Apologies if this has already been answered on the forum. I have tried searching, and "A" or "para" with verbs of motion? does explain the difference between à and para with the logic being that longer-lasting motion requires para but shorter-duration motion can make do with à.

However, I’m struggling with two examples from the verb section for Dar:

  • tu dás a laranja à criança
  • eu dou as minhas roupas para caridade

Can anyone help me understand why it is à in the first example and para in the second? The logic about duration of a movement doesn’t seem to work here (I assume it isn’t much more time consuming to hand stuff over to a charity than it is to pass an orange to a kid). Is it because the clothing is in plural? Or because “charity” is a more vague term than “kid”?
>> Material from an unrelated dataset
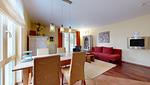 Wohnzimmer - Residenz Prorer Wiek 08 - Top-Hundeurlaub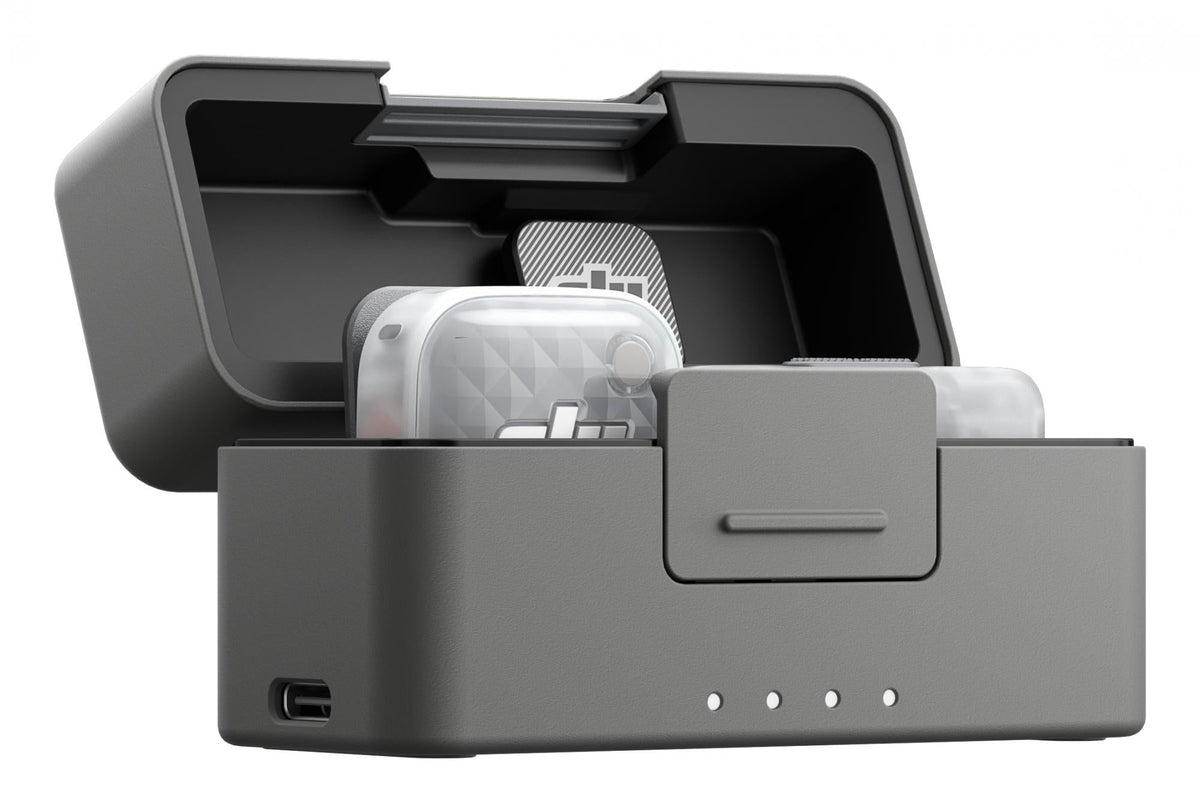 DJI - Mic Mini 2S (1 TX + 1 Mobile RX + Charging Case) DJI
@Tomas, the verb dar isn’t considered a verb of motion, so the comments on the other thread wouldn’t apply in this case.

In European Portuguese, when we’re referring to giving something to someone/something else, we use “dar a” by default. In cases like “dar para caridade”, what I personally understand is that we’re not focusing on who/what we’re giving it to specifically, but on the purpose we’re giving it for. The distinction is more obvious if we compare the following two phrases:

  • Dar para caridade → give to charity (describing the general purpose of helping someone)
  • Dar a uma instituição de caridade → give to a charity (describing giving something to a specific institution)

Note: In Brazilian Portuguese, “dar para” is the norm in all cases.


That makes sense, and I can see that they are actually two different concepts. Giving to vs giving towards (I just made that up, but it might help me remember the shorter a for to vs the longer para for towards). Muito obrigado @Joseph for taking the time to explain.